Der Schluss, den wir daraus ziehen, muss dazu führen, in gemeinsamer Bemühung die Bedürfnisse und Interessen der Menschen zu verstehen, um so in den abseits Stehenden den Wunsch zu wecken, die Möglichkeiten der Partizipation zu nützen. Dieses Ziel, hoch verehrter Herr Bundespräsident, würden wir gerne mit Ihnen gemeinsam erreichen.

Sehr geehrter Herr Bundespräsident, wenn man zu Ihren früheren Amtsräumen hier im Hause ging, kam man an dem berühmten Bild vorbei, das die Unterzeichnung des Österreichischen Staatsvertrages darstellt. Ich weiß, es ist für Sie auch eine Erinnerung an Ihren verehrten Vater, der im Bild zu finden ist.
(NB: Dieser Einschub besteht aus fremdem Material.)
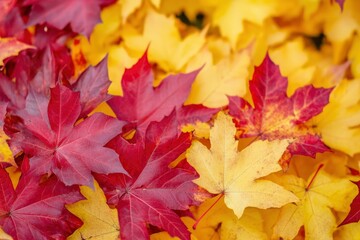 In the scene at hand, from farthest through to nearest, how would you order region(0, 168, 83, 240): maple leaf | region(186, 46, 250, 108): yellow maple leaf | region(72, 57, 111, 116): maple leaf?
region(186, 46, 250, 108): yellow maple leaf
region(72, 57, 111, 116): maple leaf
region(0, 168, 83, 240): maple leaf

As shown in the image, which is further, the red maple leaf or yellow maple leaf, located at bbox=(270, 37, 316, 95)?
yellow maple leaf, located at bbox=(270, 37, 316, 95)

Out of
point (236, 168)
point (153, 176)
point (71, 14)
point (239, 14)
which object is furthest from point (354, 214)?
point (71, 14)

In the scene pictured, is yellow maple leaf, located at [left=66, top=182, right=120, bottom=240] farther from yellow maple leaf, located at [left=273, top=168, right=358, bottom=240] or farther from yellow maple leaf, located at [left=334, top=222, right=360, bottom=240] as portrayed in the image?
yellow maple leaf, located at [left=334, top=222, right=360, bottom=240]

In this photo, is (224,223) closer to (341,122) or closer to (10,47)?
(341,122)

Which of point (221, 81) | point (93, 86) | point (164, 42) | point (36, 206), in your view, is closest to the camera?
point (36, 206)

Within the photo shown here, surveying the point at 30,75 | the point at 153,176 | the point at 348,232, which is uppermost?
the point at 30,75

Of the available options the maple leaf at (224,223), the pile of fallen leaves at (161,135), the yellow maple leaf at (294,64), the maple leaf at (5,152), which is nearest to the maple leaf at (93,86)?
the pile of fallen leaves at (161,135)

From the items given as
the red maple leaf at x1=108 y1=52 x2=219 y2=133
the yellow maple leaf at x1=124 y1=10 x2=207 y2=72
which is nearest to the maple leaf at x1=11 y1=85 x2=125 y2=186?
the red maple leaf at x1=108 y1=52 x2=219 y2=133

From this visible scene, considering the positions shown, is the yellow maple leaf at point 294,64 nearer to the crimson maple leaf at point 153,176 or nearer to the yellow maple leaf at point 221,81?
the yellow maple leaf at point 221,81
Ich glaube aber, dass dieses Bild viel mehr vermag als bloße Erinnerung zu wecken.

Es zeigt Persönlichkeiten vereint, die die finsterste Zeit Österreichs überlebt hatten, die sich vor der Zeit des Grauens feindlich gegenüber standen, aber als Österreich wiedererstanden ist unter Hintansetzung ihrer Gegensätze zusammengefunden haben.

Diese großen Österreicher haben bewiesen, dass mit vereinter Kraft Großes geleistet werden kann. Es ist Ihnen, Herr Bundespräsident, zu danken, dass Sie durch dieses Bild eine Botschaft an das Haus gerichtet haben.
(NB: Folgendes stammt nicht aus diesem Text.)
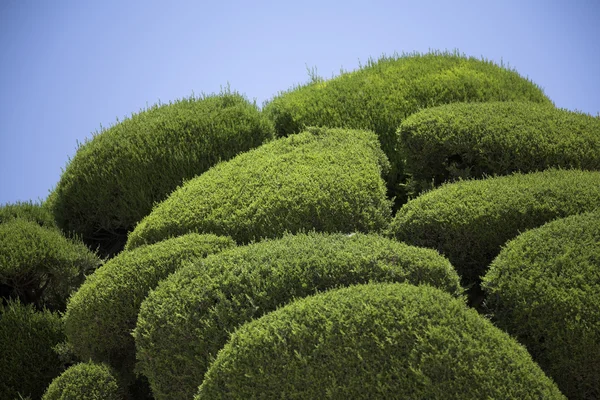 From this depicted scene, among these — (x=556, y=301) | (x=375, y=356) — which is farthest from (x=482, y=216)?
(x=375, y=356)

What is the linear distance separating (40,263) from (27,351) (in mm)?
1045

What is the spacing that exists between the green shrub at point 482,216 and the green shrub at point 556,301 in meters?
0.51

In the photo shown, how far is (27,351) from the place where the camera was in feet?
29.1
Wir wünschen aus ganzem Herzen, dass diese Ihre Botschaft an alle Österreicher und alle Menschen, die hier Zuflucht und Heimat gefunden haben, mit Freude aufgenommen wird.

Herr Bundespräsident, wir wünschen Ihnen und Ihrer verehrten Gattin viel Glück und Ihnen eine Amtszeit, erfüllt von Erfolg für unser geliebtes Österreich inmitten eines Europas, das dem Frieden und der Menschenwürde verpflichtet ist.